I always wished for my life to be colorful.

But instead, it ended up getting only more black and white.

XxX

She was like a shining dark green jewel; no, she was even prettier than a jewel.

Lenalee...

Oh, how I loved her name. I could go insane spelling it inside my head again and again. How beautiful the vowels sounded along with the consonants.

I fell in love with her at first sight. Her Chinese appearance stunned me, and not to talk about the big innocent eyes, which contained calm but cautious movements.

The first time I saw her was on a mission to India, or to be more specific, in Agra- the south-west of Delhi. One of the most breathtaking places in the world. But we didn't have any time to enjoy the nature and buildings. The Millennium Earl wanted us to look for innocence, since there had apparently been an extreme amount of exorcists dying and the akuma were not smart enough to pick them up. And they didn't have the hands for it- they could only fly randomly around and shoot at people. Delightful ability, am I right?

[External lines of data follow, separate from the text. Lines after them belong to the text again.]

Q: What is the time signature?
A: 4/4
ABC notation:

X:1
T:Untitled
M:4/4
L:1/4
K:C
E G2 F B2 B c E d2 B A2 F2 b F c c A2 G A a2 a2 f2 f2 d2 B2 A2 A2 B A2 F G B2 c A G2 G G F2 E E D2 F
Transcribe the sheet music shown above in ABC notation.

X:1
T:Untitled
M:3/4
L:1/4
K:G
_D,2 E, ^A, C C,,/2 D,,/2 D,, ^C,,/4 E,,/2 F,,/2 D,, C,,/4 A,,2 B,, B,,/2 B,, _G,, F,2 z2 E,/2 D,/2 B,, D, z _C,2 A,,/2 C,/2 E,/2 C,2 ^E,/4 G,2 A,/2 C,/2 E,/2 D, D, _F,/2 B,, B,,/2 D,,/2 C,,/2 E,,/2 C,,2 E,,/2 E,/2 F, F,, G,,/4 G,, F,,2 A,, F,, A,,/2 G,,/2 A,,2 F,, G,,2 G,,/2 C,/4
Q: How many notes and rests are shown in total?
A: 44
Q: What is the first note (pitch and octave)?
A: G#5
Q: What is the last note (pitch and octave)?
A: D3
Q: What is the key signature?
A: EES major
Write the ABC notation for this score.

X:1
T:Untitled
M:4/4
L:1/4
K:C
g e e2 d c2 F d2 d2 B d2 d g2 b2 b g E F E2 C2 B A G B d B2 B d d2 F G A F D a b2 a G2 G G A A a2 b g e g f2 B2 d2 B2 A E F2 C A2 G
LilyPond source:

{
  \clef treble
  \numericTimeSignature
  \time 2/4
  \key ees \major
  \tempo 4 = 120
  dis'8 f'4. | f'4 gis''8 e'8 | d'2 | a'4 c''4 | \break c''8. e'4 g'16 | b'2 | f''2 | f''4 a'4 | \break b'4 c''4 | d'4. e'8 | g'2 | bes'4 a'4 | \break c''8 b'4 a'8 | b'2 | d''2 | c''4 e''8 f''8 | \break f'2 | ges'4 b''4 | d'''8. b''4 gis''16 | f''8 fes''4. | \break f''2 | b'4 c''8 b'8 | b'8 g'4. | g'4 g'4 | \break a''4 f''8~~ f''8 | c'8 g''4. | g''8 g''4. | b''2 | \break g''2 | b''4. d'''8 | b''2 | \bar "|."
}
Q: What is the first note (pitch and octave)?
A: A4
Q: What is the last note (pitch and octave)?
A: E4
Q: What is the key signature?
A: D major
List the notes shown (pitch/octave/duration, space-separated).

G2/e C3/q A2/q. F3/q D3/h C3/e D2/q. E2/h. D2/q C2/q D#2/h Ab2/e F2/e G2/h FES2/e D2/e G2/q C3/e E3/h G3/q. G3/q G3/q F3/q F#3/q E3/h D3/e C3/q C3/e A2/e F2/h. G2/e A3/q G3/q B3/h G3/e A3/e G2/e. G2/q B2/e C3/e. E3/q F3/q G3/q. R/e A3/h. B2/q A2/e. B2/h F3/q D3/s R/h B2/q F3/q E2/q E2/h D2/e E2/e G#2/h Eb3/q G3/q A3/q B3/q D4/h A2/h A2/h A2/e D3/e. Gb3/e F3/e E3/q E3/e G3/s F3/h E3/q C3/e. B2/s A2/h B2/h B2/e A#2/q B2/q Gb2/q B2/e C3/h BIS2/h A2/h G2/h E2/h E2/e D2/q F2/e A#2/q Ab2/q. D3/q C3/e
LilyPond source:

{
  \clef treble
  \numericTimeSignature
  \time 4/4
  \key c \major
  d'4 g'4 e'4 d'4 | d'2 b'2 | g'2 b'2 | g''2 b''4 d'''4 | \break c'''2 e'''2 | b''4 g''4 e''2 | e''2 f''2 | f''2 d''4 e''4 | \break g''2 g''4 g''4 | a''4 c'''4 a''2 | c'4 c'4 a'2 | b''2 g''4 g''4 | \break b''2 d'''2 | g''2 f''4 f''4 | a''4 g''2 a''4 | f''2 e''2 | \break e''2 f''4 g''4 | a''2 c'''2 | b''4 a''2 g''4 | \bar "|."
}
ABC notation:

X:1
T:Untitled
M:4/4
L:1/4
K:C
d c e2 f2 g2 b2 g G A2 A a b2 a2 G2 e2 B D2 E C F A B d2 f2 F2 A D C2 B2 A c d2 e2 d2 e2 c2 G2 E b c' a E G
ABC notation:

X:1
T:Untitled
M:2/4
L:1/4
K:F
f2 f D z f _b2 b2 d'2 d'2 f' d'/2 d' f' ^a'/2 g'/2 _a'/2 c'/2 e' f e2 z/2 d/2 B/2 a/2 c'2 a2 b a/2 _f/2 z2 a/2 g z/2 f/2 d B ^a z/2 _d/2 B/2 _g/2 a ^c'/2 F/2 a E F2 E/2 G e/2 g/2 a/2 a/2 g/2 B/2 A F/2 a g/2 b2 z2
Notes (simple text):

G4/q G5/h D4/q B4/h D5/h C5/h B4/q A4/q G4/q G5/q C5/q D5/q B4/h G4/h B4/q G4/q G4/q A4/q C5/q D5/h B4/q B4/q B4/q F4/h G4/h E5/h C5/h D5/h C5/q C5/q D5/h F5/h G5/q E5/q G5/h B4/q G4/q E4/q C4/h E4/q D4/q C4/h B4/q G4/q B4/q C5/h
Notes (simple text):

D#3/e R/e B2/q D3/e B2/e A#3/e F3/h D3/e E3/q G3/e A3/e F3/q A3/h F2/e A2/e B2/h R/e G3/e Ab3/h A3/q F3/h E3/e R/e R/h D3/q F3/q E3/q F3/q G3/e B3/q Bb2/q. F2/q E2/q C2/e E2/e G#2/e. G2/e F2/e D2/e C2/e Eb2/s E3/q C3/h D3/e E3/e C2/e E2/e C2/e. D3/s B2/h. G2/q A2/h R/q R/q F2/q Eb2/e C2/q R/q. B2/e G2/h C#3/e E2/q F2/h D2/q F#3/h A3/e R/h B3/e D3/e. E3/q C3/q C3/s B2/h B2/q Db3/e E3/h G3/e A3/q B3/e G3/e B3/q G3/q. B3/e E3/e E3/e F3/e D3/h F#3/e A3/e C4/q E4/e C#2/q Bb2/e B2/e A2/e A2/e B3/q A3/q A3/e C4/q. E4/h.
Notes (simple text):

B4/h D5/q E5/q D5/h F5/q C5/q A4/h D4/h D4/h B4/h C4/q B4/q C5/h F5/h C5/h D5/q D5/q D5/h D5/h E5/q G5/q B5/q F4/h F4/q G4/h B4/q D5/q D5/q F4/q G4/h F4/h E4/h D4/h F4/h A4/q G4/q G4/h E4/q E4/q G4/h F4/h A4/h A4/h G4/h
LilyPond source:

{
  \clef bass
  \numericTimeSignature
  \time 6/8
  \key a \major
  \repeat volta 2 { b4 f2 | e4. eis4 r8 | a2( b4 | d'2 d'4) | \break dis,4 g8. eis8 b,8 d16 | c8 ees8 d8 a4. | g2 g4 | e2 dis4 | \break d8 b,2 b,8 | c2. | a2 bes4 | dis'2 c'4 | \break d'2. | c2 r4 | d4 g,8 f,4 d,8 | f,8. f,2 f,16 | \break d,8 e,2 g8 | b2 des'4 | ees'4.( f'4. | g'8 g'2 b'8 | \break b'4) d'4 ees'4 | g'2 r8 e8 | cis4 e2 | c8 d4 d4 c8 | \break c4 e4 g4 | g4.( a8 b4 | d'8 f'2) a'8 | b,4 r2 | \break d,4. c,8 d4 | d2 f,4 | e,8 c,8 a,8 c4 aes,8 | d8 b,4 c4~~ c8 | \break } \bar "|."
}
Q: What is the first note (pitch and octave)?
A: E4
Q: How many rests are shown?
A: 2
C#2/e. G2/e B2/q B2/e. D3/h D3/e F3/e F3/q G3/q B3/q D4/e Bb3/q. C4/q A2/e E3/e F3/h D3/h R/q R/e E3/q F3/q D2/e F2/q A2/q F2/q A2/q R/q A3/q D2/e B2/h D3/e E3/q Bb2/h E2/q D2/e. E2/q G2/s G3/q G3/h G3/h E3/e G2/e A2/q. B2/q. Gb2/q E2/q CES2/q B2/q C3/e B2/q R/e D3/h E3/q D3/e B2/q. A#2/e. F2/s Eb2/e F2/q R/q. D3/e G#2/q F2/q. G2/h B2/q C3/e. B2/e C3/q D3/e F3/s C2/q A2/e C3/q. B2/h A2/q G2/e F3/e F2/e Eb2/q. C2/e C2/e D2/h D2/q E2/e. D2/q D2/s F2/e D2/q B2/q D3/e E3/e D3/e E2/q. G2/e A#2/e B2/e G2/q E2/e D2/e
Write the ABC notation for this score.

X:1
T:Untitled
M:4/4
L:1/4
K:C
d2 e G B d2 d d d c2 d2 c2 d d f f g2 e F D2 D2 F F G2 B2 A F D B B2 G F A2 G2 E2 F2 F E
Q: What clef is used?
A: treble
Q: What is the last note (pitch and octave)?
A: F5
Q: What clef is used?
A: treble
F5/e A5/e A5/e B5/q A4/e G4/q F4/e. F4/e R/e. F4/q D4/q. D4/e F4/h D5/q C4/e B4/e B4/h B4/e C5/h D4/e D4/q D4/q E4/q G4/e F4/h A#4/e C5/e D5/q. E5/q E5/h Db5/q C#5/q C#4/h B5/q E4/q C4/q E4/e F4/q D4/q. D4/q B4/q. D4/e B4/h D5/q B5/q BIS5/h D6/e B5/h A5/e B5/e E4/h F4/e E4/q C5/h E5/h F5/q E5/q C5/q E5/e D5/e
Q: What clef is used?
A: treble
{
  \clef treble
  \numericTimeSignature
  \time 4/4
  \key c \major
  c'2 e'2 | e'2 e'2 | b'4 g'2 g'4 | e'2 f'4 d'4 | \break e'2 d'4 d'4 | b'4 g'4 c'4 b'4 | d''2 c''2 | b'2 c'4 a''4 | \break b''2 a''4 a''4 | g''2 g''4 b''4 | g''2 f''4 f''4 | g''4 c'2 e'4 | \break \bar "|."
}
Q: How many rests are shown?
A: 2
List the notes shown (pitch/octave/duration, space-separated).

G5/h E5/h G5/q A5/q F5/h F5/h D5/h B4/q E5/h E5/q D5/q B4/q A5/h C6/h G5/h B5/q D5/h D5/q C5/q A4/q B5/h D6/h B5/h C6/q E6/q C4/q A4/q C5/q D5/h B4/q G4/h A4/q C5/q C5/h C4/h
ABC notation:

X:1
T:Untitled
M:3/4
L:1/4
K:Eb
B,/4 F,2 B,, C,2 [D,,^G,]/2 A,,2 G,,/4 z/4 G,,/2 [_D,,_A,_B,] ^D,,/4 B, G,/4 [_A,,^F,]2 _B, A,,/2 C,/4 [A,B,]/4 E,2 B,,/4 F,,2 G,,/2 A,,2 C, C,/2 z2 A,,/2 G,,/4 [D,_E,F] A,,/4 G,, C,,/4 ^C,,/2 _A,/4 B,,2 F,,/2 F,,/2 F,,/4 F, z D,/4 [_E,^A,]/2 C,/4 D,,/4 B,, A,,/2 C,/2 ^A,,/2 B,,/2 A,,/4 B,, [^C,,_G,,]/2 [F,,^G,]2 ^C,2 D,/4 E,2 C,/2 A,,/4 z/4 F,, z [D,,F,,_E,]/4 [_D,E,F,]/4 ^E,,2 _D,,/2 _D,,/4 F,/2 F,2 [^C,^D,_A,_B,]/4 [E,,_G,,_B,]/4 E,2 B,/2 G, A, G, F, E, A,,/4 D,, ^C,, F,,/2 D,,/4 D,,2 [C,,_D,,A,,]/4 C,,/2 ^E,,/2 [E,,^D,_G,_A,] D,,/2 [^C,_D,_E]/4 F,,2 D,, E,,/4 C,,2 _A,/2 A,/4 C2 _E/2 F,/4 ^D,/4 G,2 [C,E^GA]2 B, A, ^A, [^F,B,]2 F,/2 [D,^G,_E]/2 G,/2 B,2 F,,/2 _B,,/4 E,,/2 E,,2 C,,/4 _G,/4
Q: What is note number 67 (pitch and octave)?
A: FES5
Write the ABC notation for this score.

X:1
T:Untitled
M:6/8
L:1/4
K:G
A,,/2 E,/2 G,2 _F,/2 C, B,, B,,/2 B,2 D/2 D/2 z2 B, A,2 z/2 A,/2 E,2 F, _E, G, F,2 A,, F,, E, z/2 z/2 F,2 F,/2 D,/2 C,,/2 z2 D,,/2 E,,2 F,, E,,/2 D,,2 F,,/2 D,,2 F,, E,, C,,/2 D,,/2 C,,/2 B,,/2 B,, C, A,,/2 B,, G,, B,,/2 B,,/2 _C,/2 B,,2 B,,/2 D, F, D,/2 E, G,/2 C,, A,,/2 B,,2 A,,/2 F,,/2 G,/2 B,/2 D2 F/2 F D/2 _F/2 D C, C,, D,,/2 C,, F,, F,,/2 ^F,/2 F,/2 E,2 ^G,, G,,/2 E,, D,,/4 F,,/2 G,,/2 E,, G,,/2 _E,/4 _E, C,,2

When I walked around rapidly in the town of Delhi, the streets were like a maze; there were crossroads everywhere and the houses were too big for me to peep over. I had no idea where I'd end up.

People in either plain and traditional clothes, or clothes embroidered with thousands of small glittering decorations, passed by me. Luckily, because of my appearance, I could easily look like one of them, and not too outlandish, so it wasn't a big deal to go undercover.

It flickered before my eyes, when I saw two figures in black uniforms with white stripes come out from a basement. As soon as their eyes caught me, they were ready to fight.

She called me "Mind Freak" and "Whitey".

I got jealous as soon as I saw her company, the stupid Allen Walker guy. They fought together against me and my useless handful of level one akuma, so of course they ended up having a bigger triumph than I.

The pain was emerging from everywhere, and I could feel all my muscles ache. I was flung into a temple, and for a moment, felt terrible for being guilty of destroying such a detailed wonder.

I felt weak.

I wasn't good at fighting, and liked better to just sit down quietly and penetrate people's minds.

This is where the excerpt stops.